My Kinsman, Major Molineux - Nathaniel Hawthorne - 1832
Introduction
"My Kinsman, Major Molineux" (1832) is an early short story about American independence—that of an individual as much as of a country—from Nathaniel Hawthorne, a pioneer of the distinctly American voice in literature. Originally published anonymously, as were a number of Hawthorne's early stories and sketches, "My Kinsman, Major Molineux" first appeared in an annual gift book, The Token, in 1832 with a few of Hawthorne's other stories. The story was not published again until it was reprinted in Hawthorne's collection of stories The Snow-Image, and Other Twice-Told Tales (1851). It also marked the first time "My Kinsman, Major Molineux" was published under his name. Though not considered a major work by Hawthorne during the nineteenth century, it began attracting a great deal of scholarly attention by the mid-twentieth century.

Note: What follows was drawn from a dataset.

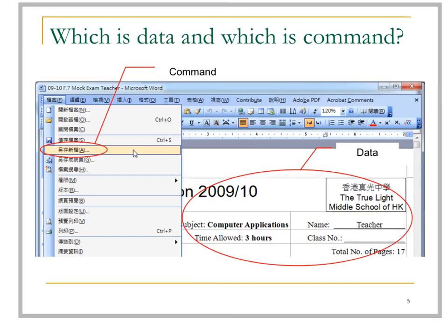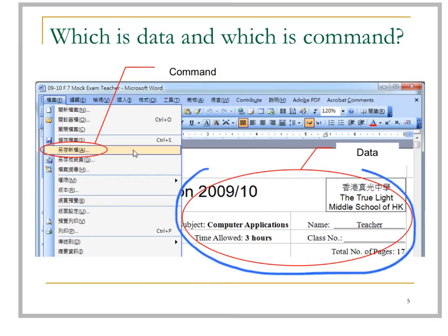Let's look at an example using Microsoft Word. All the text input here — the data — can include Chinese text, English text, and tables.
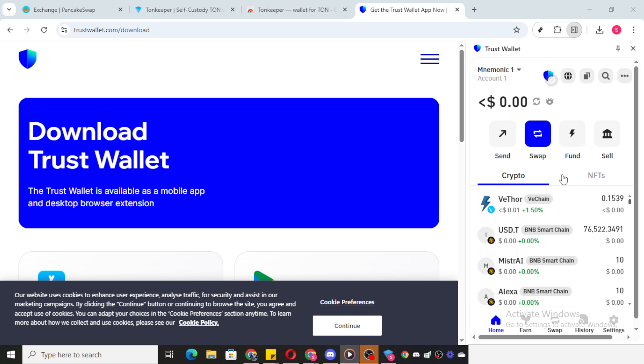However, if you're concerned or if the issue persists beyond this timeframe, you have another option. You can reach out to TrustWallet customer support for assistance. The support team will be able to investigate your specific case more thoroughly and provide you with detailed guidance on the next steps to take.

In "My Kinsman, Major Molineux," Hawthorne describes the frustrating journey of young Robin Molineux, a country teen who has come to a Massachusetts city to find the title character. The kinsman is his father's cousin, an officer in the British Army and the gentleman of civil rank in the community. The major, a wealthy man with no heirs, had visited Robin's family a year or two earlier and hinted that he would help establish one of his cousin's two sons in the world.